TASK TO CARRY OUT. Below are records with pictures in them. Output exactly the lines from the one with "廣場(chǎng)學(xué" through the one with "BGSD Men Two-Button Cowhide Leather Blazer", both included, and leave every picture out; give only those lines.

AVAILABLE RECORDS.
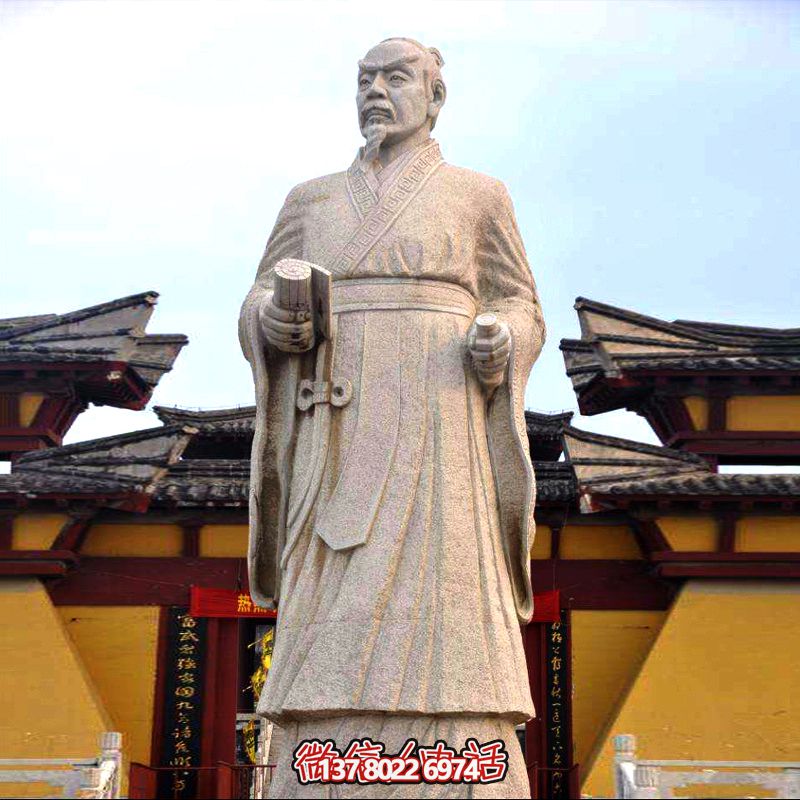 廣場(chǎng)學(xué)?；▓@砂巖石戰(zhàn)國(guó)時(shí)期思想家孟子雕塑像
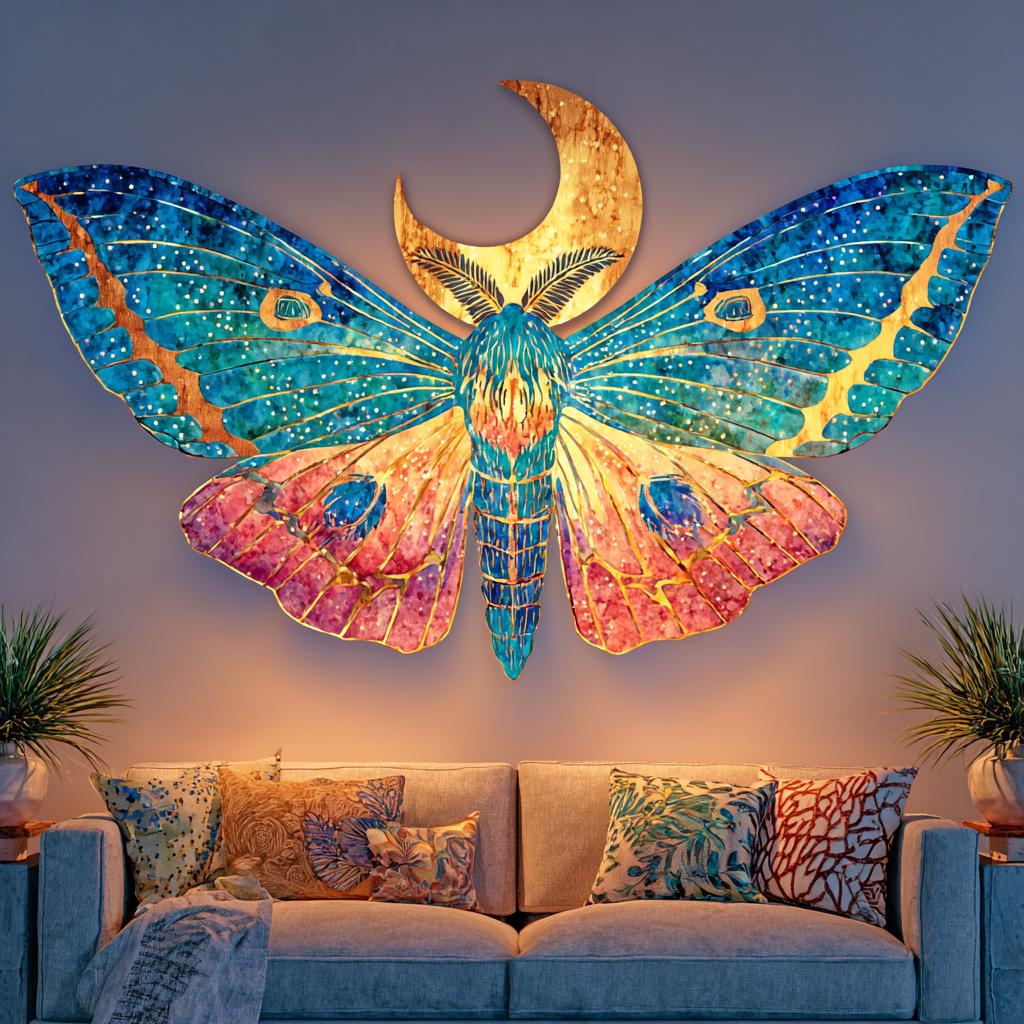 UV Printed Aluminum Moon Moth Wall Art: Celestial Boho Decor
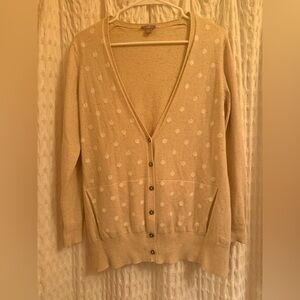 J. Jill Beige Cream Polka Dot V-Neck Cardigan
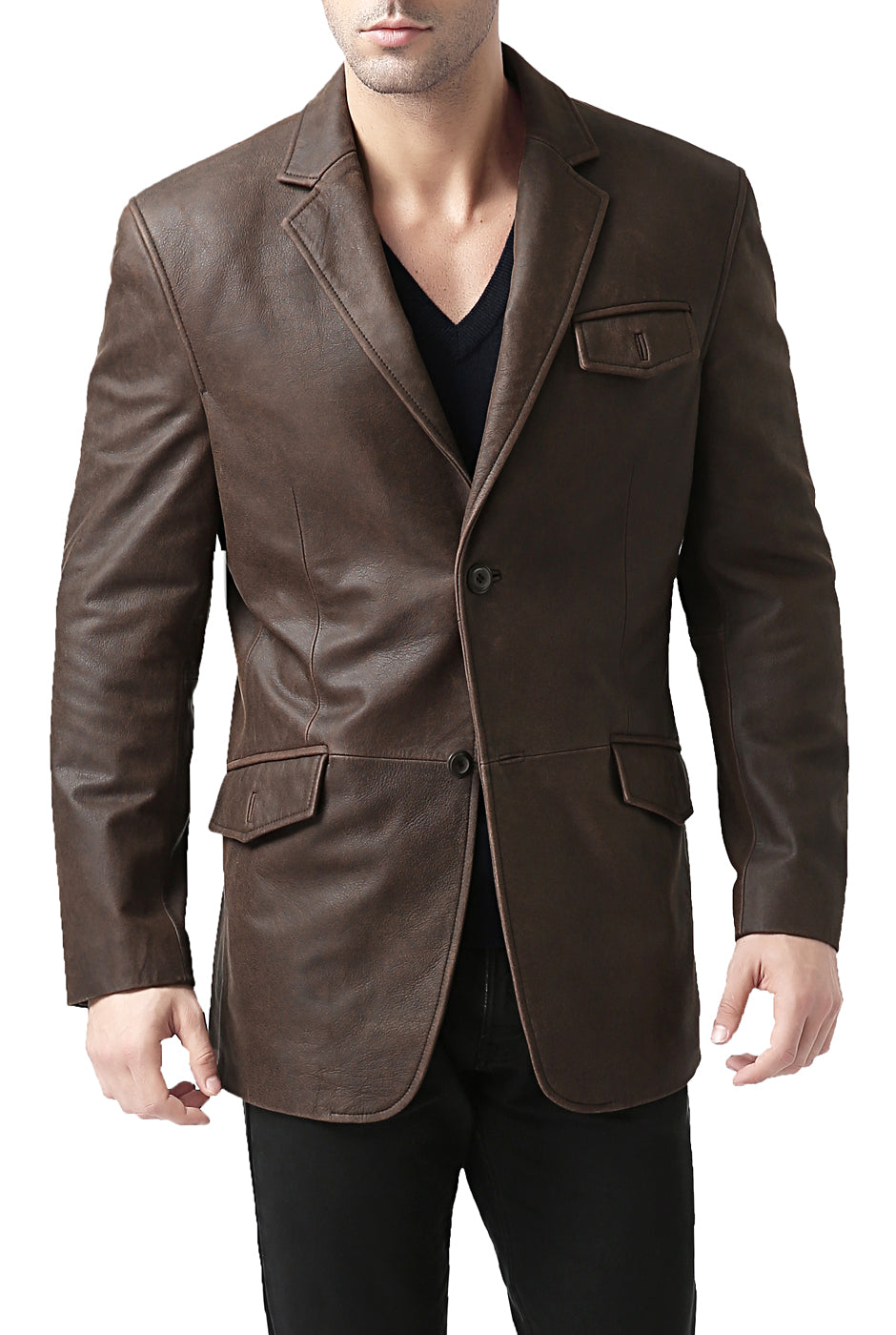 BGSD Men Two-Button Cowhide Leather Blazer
* * *
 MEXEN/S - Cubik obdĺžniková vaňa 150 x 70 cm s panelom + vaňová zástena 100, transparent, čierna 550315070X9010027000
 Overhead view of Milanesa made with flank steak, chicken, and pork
* * *
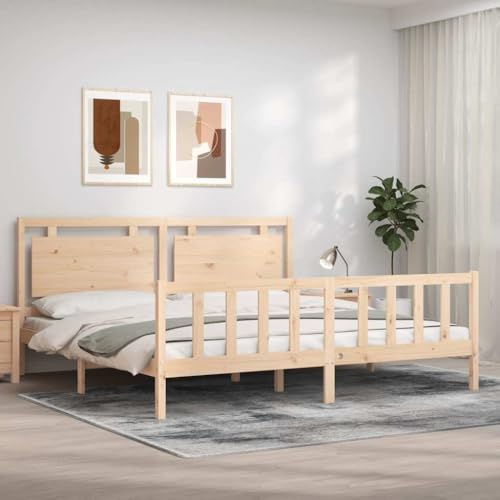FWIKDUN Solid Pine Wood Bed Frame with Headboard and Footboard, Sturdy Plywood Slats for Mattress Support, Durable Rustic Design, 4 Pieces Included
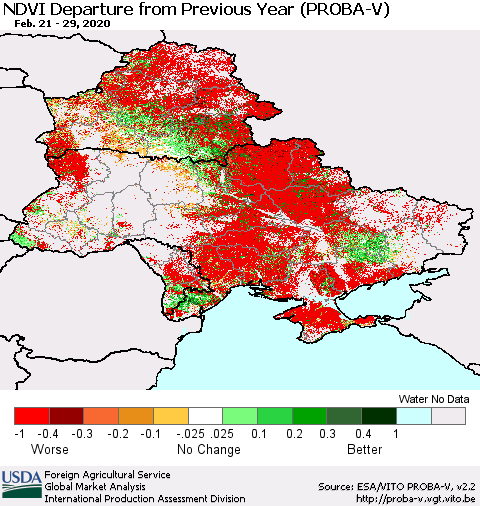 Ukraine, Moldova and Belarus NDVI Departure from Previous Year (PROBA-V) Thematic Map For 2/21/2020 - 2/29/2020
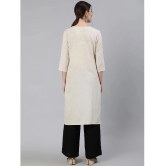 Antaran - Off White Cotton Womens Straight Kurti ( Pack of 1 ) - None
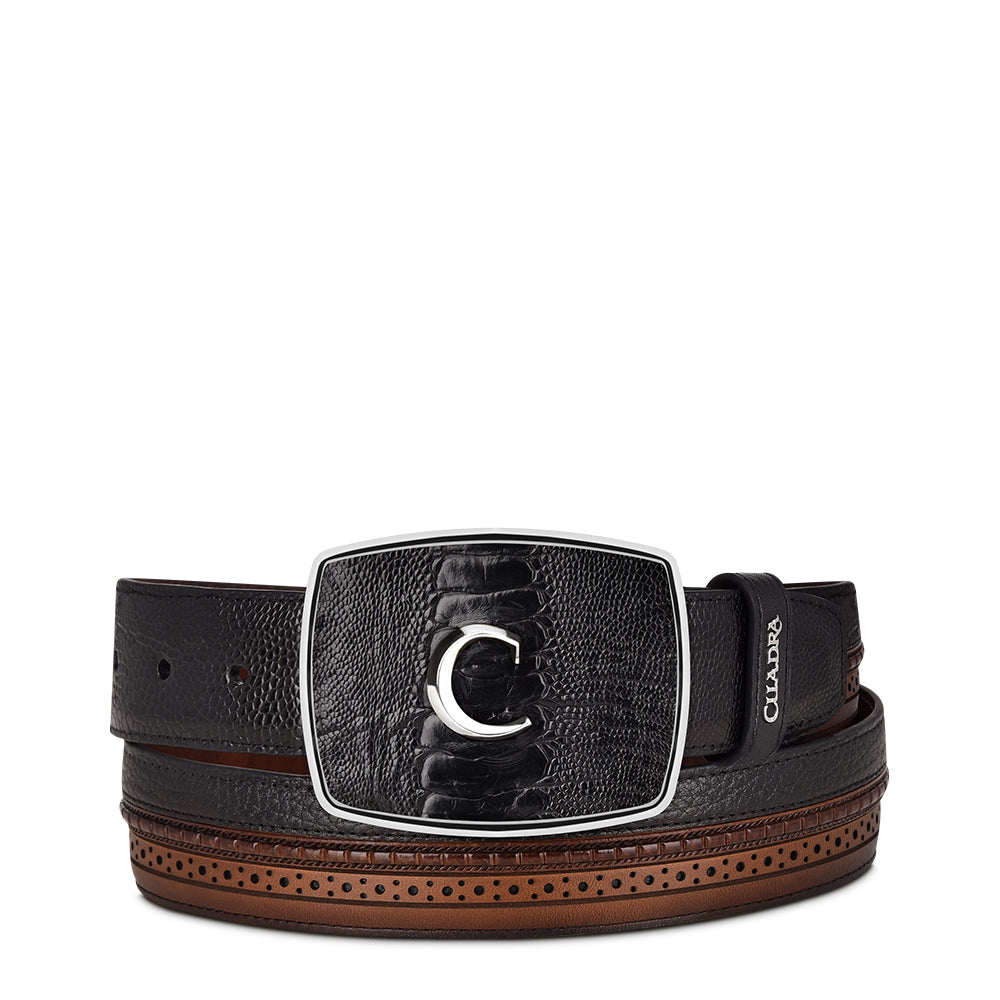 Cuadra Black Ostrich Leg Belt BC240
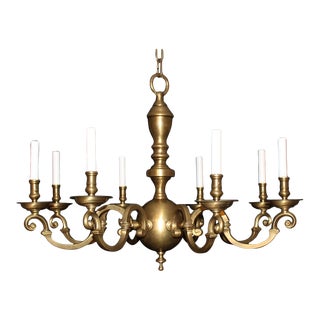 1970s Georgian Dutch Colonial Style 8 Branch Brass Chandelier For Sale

YOUR SOLUTION.
 廣場(chǎng)學(xué)?；▓@砂巖石戰(zhàn)國(guó)時(shí)期思想家孟子雕塑像
 UV Printed Aluminum Moon Moth Wall Art: Celestial Boho Decor
 J. Jill Beige Cream Polka Dot V-Neck Cardigan
 BGSD Men Two-Button Cowhide Leather Blazer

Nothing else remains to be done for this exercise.